Book Review – sort of
The Godwulf Manuscript
By Robert B. Parker
Fair warning – this is not a typical book review; it is subjective as hell, more remembrance than review.
I’ve written before about my relationship with reading. Like any love story, there are both struggles and fond memories. Robert B. Parker is at the center of many of those fond memories. As I have written before, as a child, when reading was hard, I believed that bookmarks were goal markers. My dad tucked them in the back of his novel. I believed that you had to force yourself to read, so why else would you have a bookmark. Half the time, or so it seemed to me at the time, my dad’s novel would be a Robert B. Parker novel, a Spenser novel. Other times, he would read Tom Clancy, Elmore Leonard, you understand his taste.
As such, Robert B. Parker (must include the “B” – can’t even think the name without the “B”) holds a special place for me. I can’t look at picture of Robert “B” and not remember my dad. I have flashbacks of Looking For Rachel Wallace at the cottage on the Cape, or The Godwulf Manuscript on the end table in the bedroom. Robert B. is a reminder of the man, my father.
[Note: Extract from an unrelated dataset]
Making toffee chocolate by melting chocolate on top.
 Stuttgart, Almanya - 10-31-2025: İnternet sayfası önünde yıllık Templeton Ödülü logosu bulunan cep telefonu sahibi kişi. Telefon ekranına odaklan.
Why did my dad like them so much? At the time, I didn’t get it. Post goal-setting book marks, I would read science fiction and fantasy. Even now, those are my favored genres. Modern mysteries held no interest for me. It wasn’t till much later, becoming an adult, post college, post 30’s, that I acquired a taste for mysteries or suspense. As I re-read The Godwulf Manuscript, I remembered conversations that had faded. My dad had enjoyed the character of Spenser, his wisecracking, his intelligence, his food. Yes, his food. Somehow, that stuck with me over the years. It was important enough for my dad that he mentioned it. Spenser likes his Hemingway, his Shakespeare, and his Scallops Jacques. Not what one expects from a street tough private eye. In one paragraph he describes Spenser’s (and probably Parker’s) culinary tastes as well as his character.
I got a pound of fresh scallops out of the refrigerator and began to make something called Scallops Jacques for supper. It was a recipe in a French cookbook that I’d gotten for a birthday present from a woman I know. I like to cook and drink while I’m doing it. Scallops Jacques is a complicated affair with cream and wine and lemon juice and shallots, and by the time it was done I was feeling quite pleasant. I made some hot biscuits for myself, too, and ate the scallops and biscuits with a bottle of Pouilly Fuissé, sitting at the counter. Afterward I went to bed. I slept heavy and for a long time.
I was surprised by some of the cultural content of the book. It was written in 1973, so it was of course a different era. In some ways it seemed more distant than even novels written a hundred years earlier. Take The Adventures of Sherlock Holmes, published in 1892, the story reads clear and true. Characters’ motivations are not too difficult to parse. Maybe this means that the 70’s in the states were truly anomalous, a time of true cultural change. In the The Godwulf Manuscript, Spenser investigates a university society called SCACE, Student Committee Against Capitalist Exploitation, idealists funded by drug money, headed by a professor who believes that heroin will open people’s minds. His belief bordered on fanaticism, yet wasn’t called out as such. Talk about a different world.
Despite the cultural differences, the dialogue stands the test of time. I remember watching an interview with Parker, many years ago, the memories more like the flashbacks of the paperbacks on my dad’s end table. In that interview, he said he liked to write dialogue, that it comes naturally to him. That’s clear. He also said that it fills up pages faster than description. Either way, Parker is famed for his wisecracking dialogue. What’s different, however, is that Spenser’s wisecracking is pointed, reasoned. Lesser writers wisecrack for wisecracking sake. Parker’s dialogue comes from Spenser’s character. In the dialogue below, the sarcasm comes from a place of principle, he doesn’t care that Mr. Orchard is a self-important rich asshole. Spenser is his own man, and not just being a wise ass.
“Mr. Spenser. I am employing you to investigate a murder. I want a report of what you’ve discovered so far.”
“First, you may or may not be hiring me. You’ve offered. I haven’t accepted. So at the moment I owe you nothing. That includes how I met your daughter, and what we did.”
“Goddammit, Spenser, I don’t have to take that kind of insolence from you.”
“Right,” I said, “you can hire another Hawkshaw. The ones with phones are in the yellow pages under SLEUTH.”
I thought for a moment that Orchard was going to get up and take a swing at me. I felt no cold surge of terror. Then he thought better of it, and leaned back in his chair.
Spenser is also smart. Not Sherlock Holmes smart, but book smart, as well as street smart. Part of the appeal of his wisecracking is that he’s smart. He doesn’t make as many literary references in this book as he does in others, but Spenser is clearly well-read. This knowledge is the source for a lot of the wisecracks above. Take the following exchange.
“Why? Who the hell is employing who? I want to know your results, and you start asking me questions about professors.”
“Whom,” I said.
“It’s whom, who is employing whom? Or is it? Maybe it’s a predicate nominative, in which case …”
“Will you come off it, Spenser. I got things to do.”
He’s also tough. He’s a man’s man, but not invincible. While the character of Hawk doesn’t appear until later books, I find it refreshing that Spenser is not as strong or tough as Hawk. He can take a punch, and dish it out, but he’s not superman. The way he succeeds is by using his wits, his “charm”, and his brawn, all three.
Re-reading The Godwulf Manuscript was a fun trip down memory lane, a cultural experience, and a good read.